■ Problem to work on ■
Please output exactly the part of the records below that opens with the line containing "5 قطعة موقد" and closes with the line containing "Natural Sea Shell Beads SHEL-T012-60O-1", both lines included, and nothing else.

■ Record extracts ■
########

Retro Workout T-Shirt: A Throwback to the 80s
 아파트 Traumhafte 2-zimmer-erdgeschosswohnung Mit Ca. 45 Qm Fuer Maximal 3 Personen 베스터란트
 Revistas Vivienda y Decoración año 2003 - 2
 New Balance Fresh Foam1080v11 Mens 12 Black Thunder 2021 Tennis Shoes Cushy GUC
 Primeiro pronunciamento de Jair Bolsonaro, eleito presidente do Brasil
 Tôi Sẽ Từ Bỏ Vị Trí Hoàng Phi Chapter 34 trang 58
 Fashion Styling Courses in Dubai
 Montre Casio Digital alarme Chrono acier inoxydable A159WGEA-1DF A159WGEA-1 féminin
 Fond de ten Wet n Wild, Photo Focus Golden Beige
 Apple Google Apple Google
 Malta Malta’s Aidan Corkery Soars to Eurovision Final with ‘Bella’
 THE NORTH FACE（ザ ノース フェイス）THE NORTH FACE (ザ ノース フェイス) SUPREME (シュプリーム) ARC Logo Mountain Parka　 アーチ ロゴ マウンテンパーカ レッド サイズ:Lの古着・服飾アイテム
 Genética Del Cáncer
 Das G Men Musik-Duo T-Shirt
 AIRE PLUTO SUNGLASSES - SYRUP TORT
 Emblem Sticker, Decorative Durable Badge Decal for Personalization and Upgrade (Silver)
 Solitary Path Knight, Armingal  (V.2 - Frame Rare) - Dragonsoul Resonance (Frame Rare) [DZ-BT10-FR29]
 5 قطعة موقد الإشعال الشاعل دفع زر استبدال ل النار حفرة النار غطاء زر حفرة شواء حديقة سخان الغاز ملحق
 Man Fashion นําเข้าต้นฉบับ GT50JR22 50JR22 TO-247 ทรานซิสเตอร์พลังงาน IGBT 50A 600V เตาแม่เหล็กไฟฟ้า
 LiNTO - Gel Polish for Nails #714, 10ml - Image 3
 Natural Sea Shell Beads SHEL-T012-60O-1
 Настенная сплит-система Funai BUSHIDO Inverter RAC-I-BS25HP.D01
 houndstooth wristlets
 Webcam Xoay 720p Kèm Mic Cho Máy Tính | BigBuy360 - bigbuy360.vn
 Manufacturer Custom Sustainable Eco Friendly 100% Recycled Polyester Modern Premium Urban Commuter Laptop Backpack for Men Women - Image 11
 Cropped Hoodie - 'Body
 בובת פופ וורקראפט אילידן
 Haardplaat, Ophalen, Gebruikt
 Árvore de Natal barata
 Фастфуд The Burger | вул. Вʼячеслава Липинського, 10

########

■ Answer area ■
 5 قطعة موقد الإشعال الشاعل دفع زر استبدال ل النار حفرة النار غطاء زر حفرة شواء حديقة سخان الغاز ملحق
 Man Fashion นําเข้าต้นฉบับ GT50JR22 50JR22 TO-247 ทรานซิสเตอร์พลังงาน IGBT 50A 600V เตาแม่เหล็กไฟฟ้า
 LiNTO - Gel Polish for Nails #714, 10ml - Image 3
 Natural Sea Shell Beads SHEL-T012-60O-1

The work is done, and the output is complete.